Overview

Recall that:

  • Document Model: good for 1-m relationships or no relationships between records.
  • Relational model: can handle simple m-m relationships between records.

As the connections within the data grow more complex, it becomes natural to model the data as a graph.

Examples of Graph Data Models

Examples of data that can be modelled as graphs include:

  • Social Graphs: vertices are people, and edges indicate which people know each other.
  • Web Graph: vertices are web pages, and edges indicate which HTML links to other pages.
  • Road Networks: vertices are junctions, and edges represent the roads between them.

In these examples, all vertices in a graph are of the same kind. However, graphs can also provide a consistent way of storing different types of objects in a single data store. For example, Facebook maintains a single graph with many different types of vertices and edges.

Property Graphs

In the property graph model, each vertex consists of:

  • A unique identifier.
  • A set of outgoing edges.
  • A set of incoming edges.
  • A collection of properties (key-value pairs).

Each edges consists of:

  • A unique identifier.
  • The vertex at which the edge starts (tail vertex).
  • The vertex at which the edge ends (head vertex).
  • A label to describe the kind of relationship between the two vertices.
  • A collection of properties (key-value pairs).

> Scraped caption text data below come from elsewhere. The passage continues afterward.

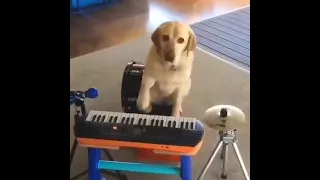 Dog Plays Instruments...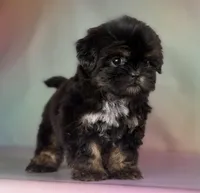 Gabbi Black and Tan , a female Shih Tzu for sale in Canton, OH – Photo 2 of 8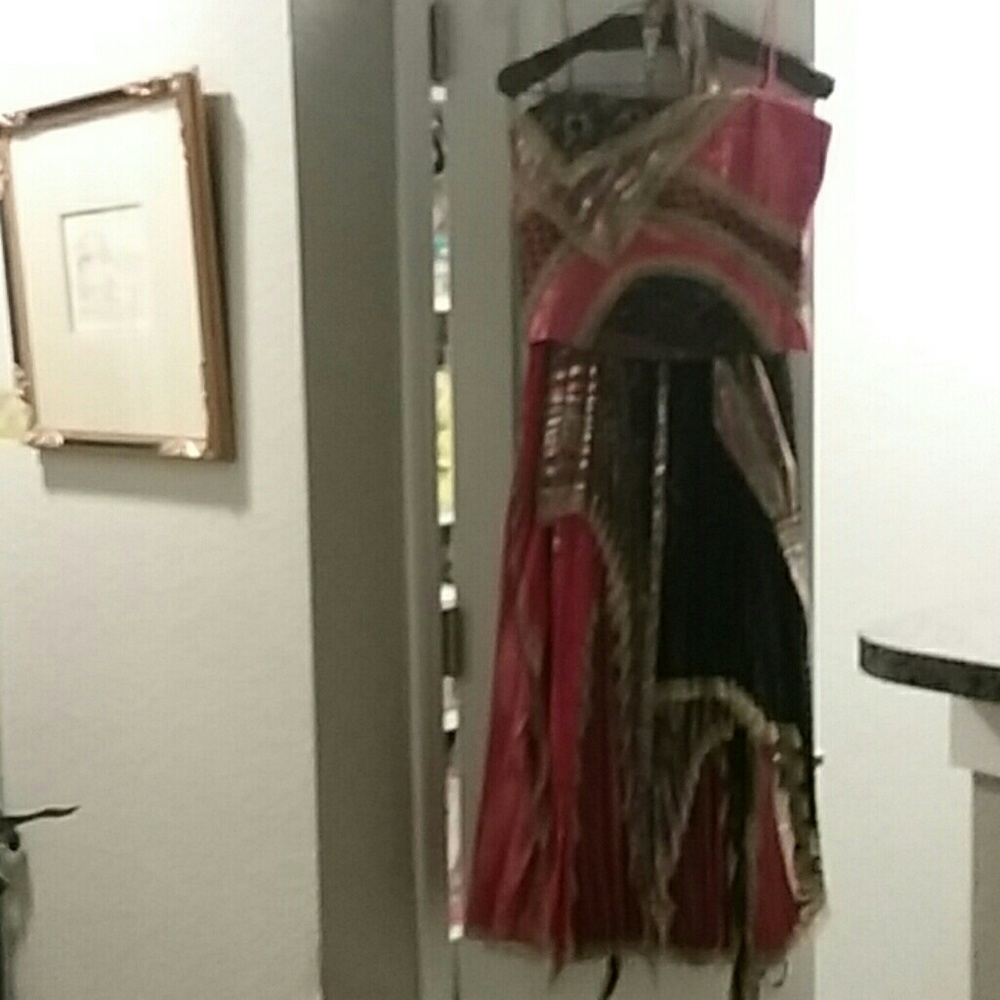 Vintage Gown you won't see 2 of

Some important aspects of this model are:

  • Any vertex can have an edge connecting it with any other vertex.
  • Given any vertex, we can efficiently find both its incoming and outgoing edges, and thus traverse the graph.
  • By using different labels for different kinds of relationships, we can store several different kinds of information in a single graph.

Query languages for property graphs include Cypher.

Triple-Stores

In the triple-store model, all information is stored in the form of three-parth statements: (subject, predicate, object). This is conceptually mostly equivalent to the property graph model.

Query languages for triple stores include SPARQL and Datalog.